TASK BRIEF
Return each line below exactly as it reads, and omit any image in it.

INFORMATION
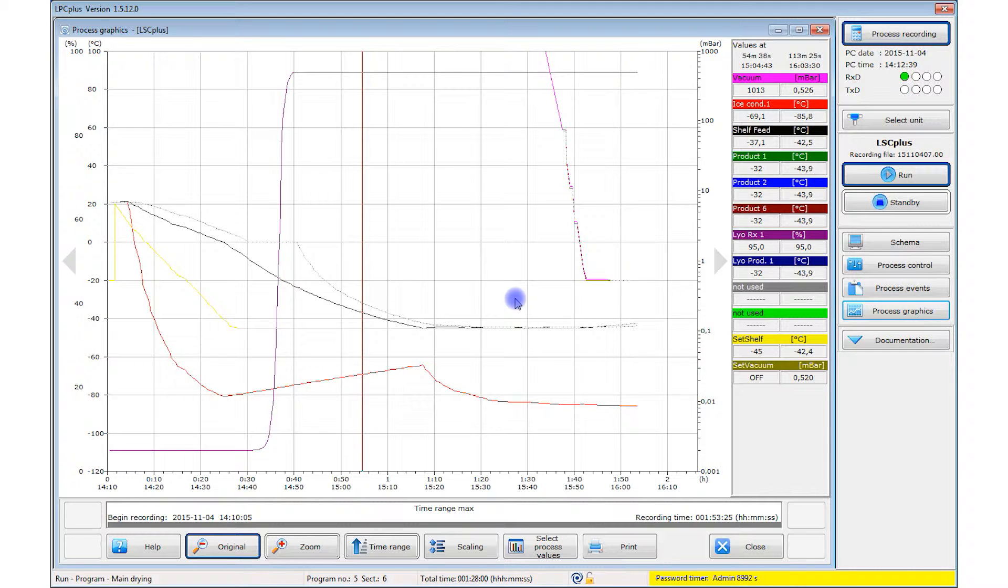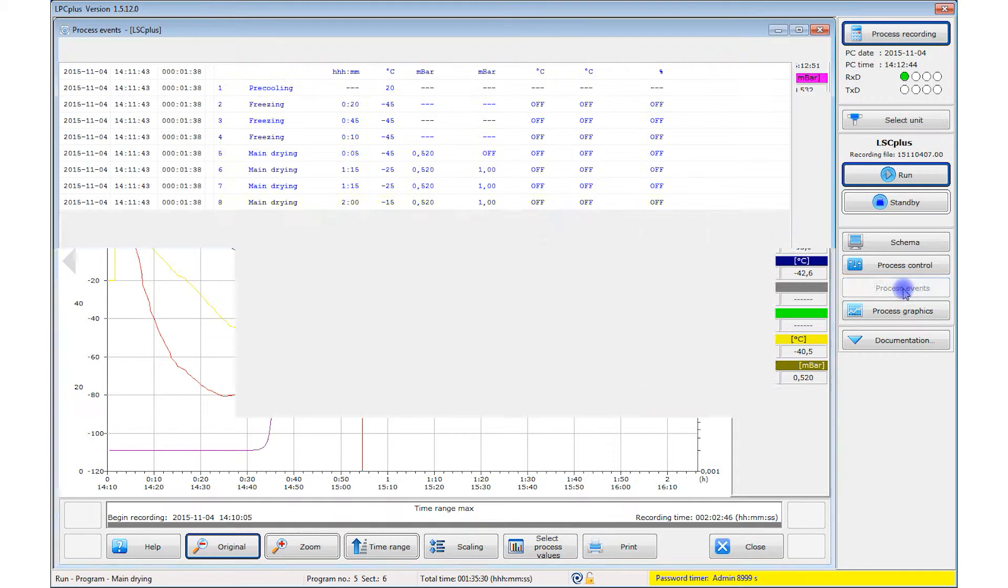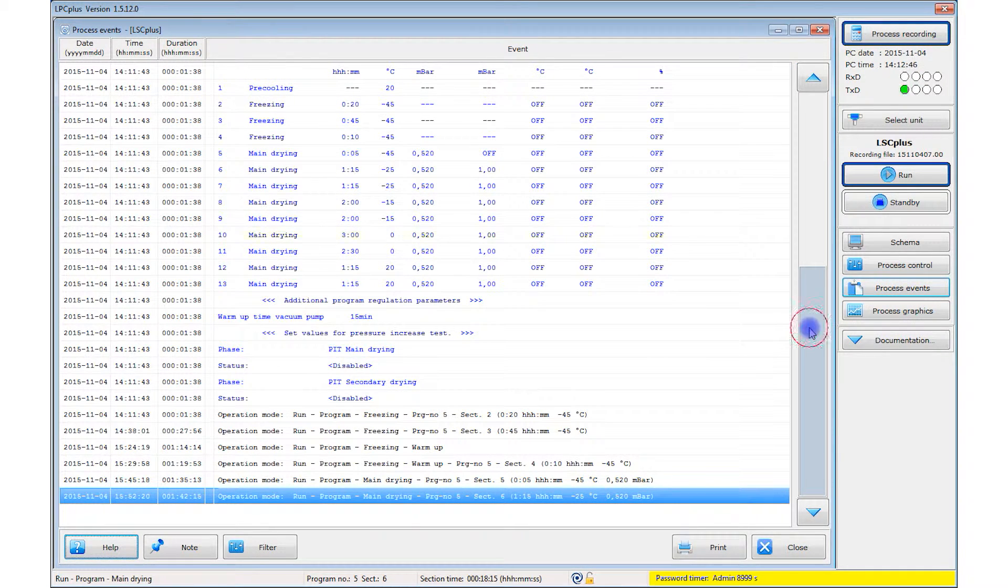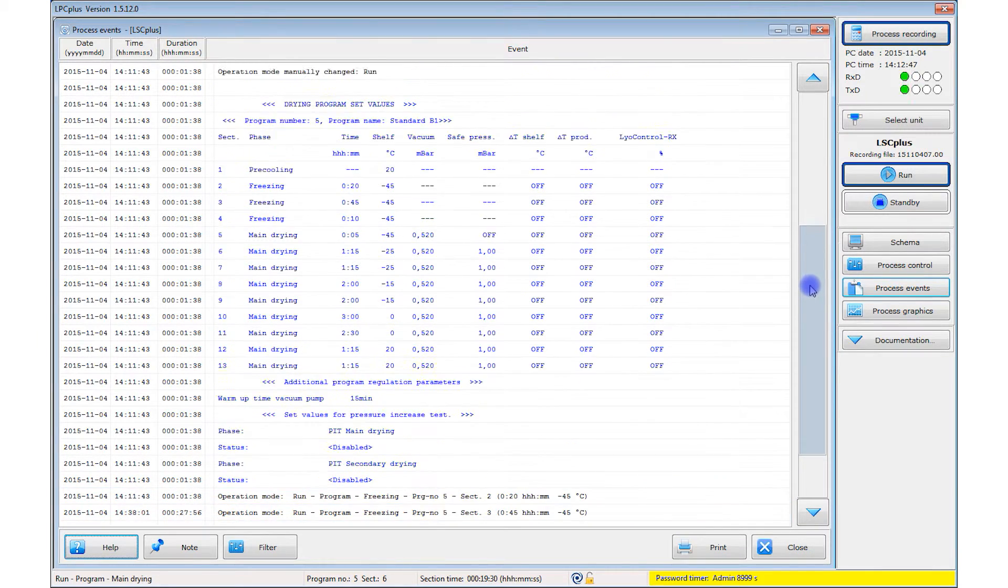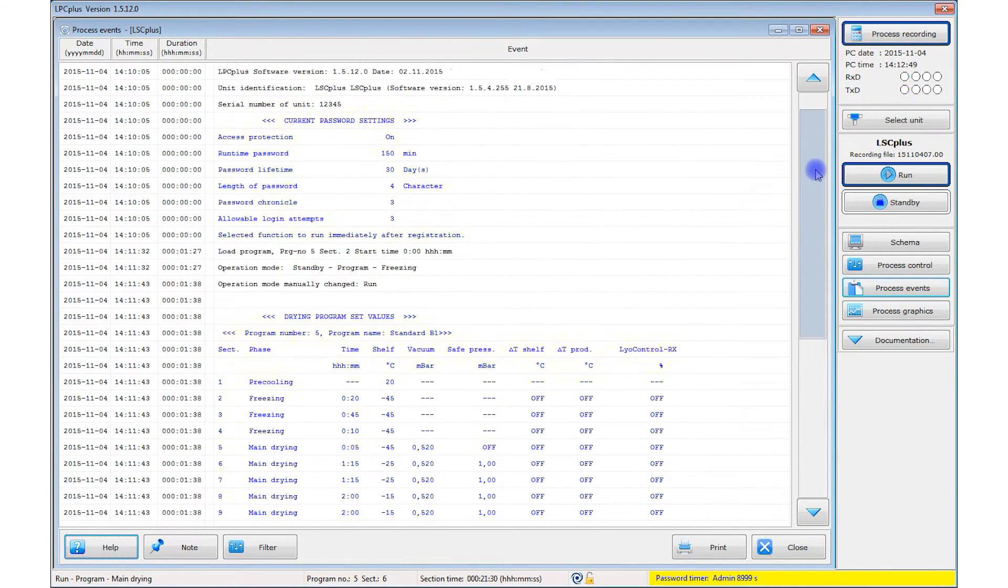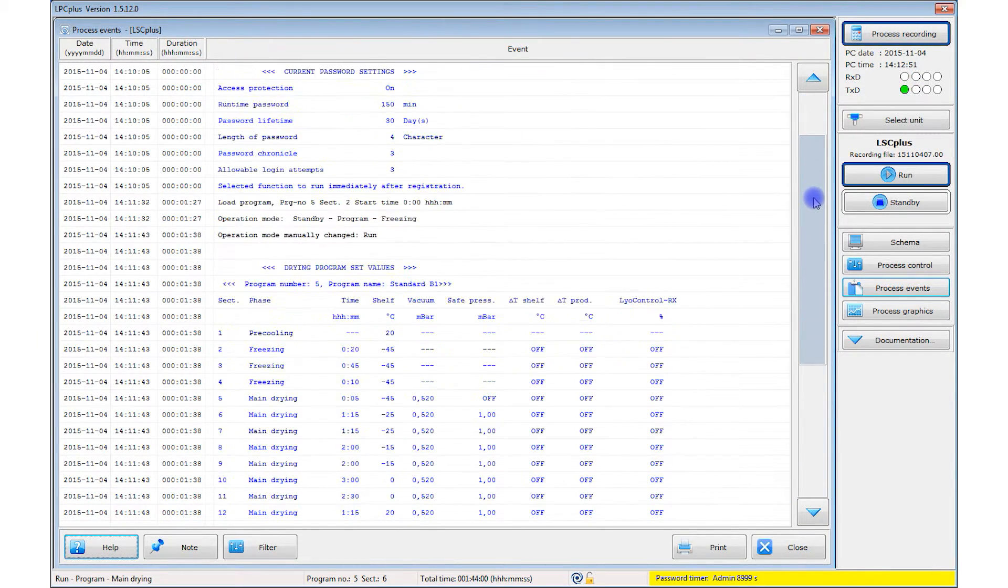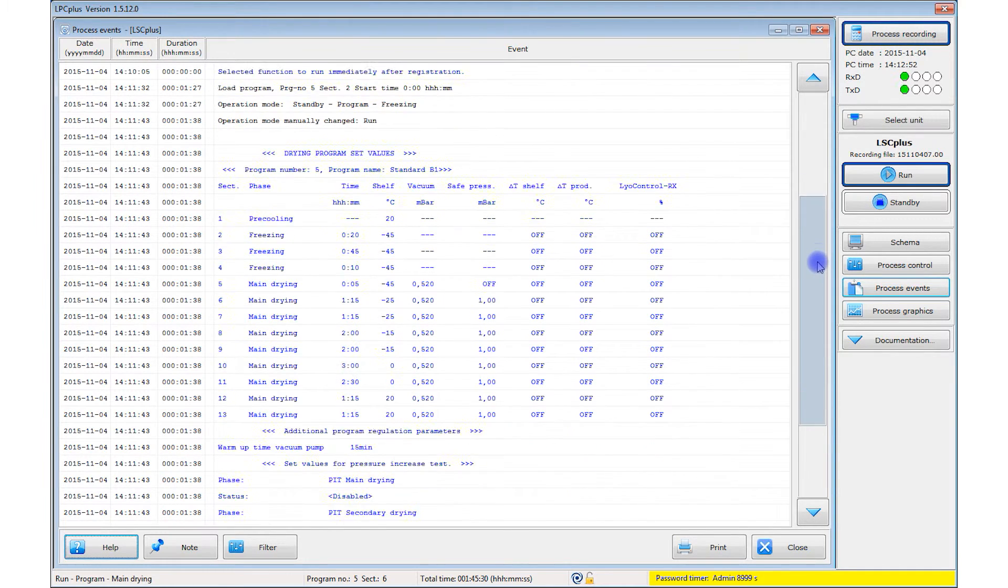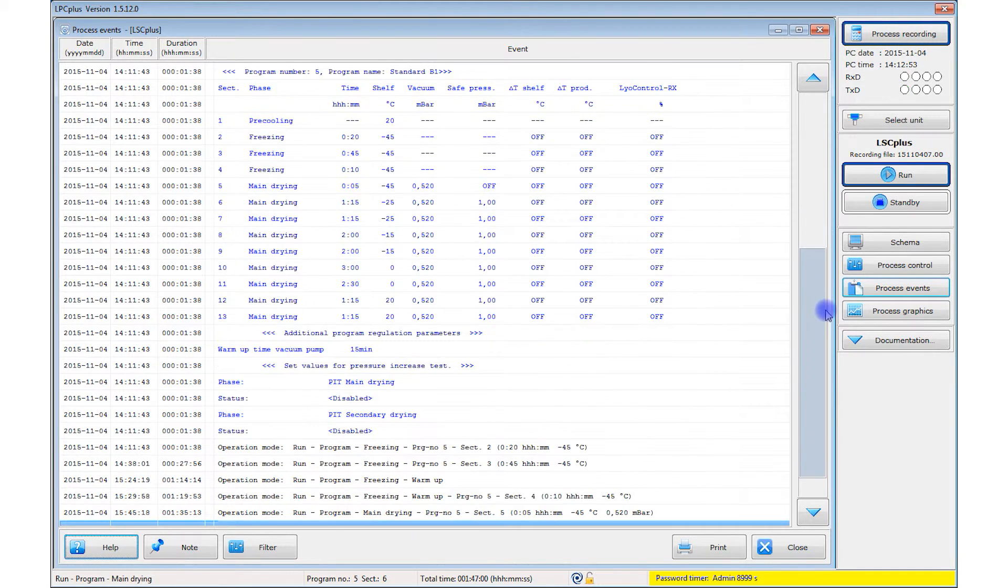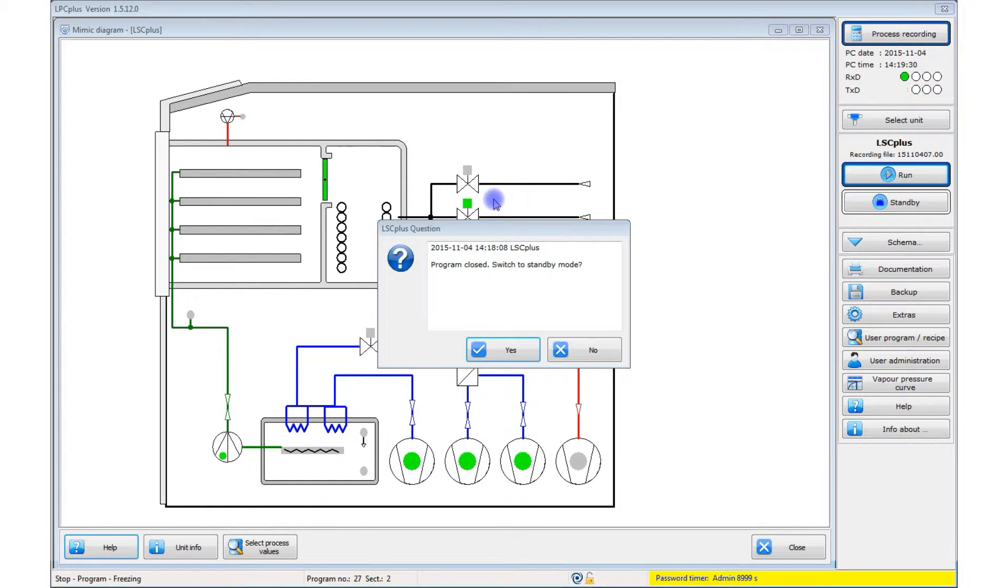Along with the process graphic, the software can display a process events list containing all data related to the system and the process, along with all messages and alerts with corresponding timestamps. Once the freeze drying program has finished, it has to be terminated.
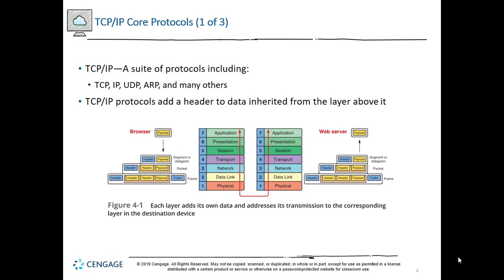When we get to the transport layer, we have to start adding things to our packet. Now we have to start identifying it. The browser is talking to a web server, but the packet has to be identified so that we know it's a web packet — we're making a request for a web page. So when we're making an HTTP request, we have to put that in the header to say that this is a web packet, and therefore it must go to the web server.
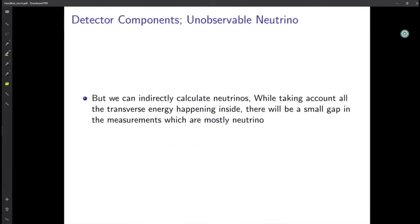However, we can indirectly calculate the presence of neutrinos. When accounting for all the transverse energy and momentum happening inside the detector, there will be a small gap in the measurements — that missing transverse momentum is attributed mostly to neutrinos. I'll now hand over to Pughal.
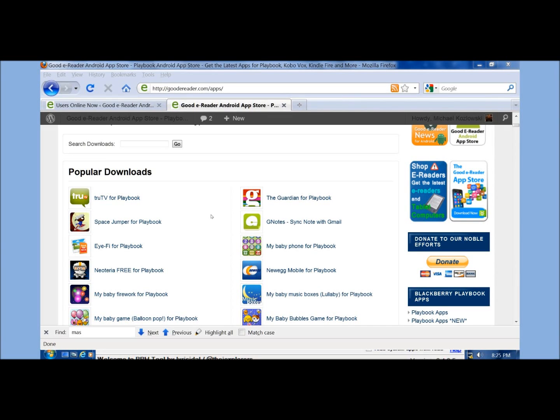Hey everybody, it's Michael here with TheGoodyReader.com. Today I'm going to teach you how to load Android apps from our own GoodyReader app store onto your Playbook tablet.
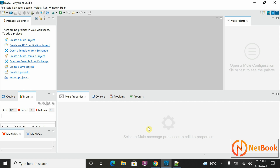Hello all, welcome to Netbook and welcome back to MuleSoft tutorials. In our previous session I taught about how we can install AnyPoint Studio and sign up for the cloud hub. The next part was about an overview of AnyPoint Studio. Today I'm planning to show how we can implement a simple Hello World program in MuleSoft.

EXERCISE OUTPUT
Along with the process graphic, the software can display a process events list containing all data related to the system and the process, along with all messages and alerts with corresponding timestamps. Once the freeze drying program has finished, it has to be terminated.
When we get to the transport layer, we have to start adding things to our packet. Now we have to start identifying it. The browser is talking to a web server, but the packet has to be identified so that we know it's a web packet — we're making a request for a web page. So when we're making an HTTP request, we have to put that in the header to say that this is a web packet, and therefore it must go to the web server.
However, we can indirectly calculate the presence of neutrinos. When accounting for all the transverse energy and momentum happening inside the detector, there will be a small gap in the measurements — that missing transverse momentum is attributed mostly to neutrinos. I'll now hand over to Pughal.
Hey everybody, it's Michael here with TheGoodyReader.com. Today I'm going to teach you how to load Android apps from our own GoodyReader app store onto your Playbook tablet.
Hello all, welcome to Netbook and welcome back to MuleSoft tutorials. In our previous session I taught about how we can install AnyPoint Studio and sign up for the cloud hub. The next part was about an overview of AnyPoint Studio. Today I'm planning to show how we can implement a simple Hello World program in MuleSoft.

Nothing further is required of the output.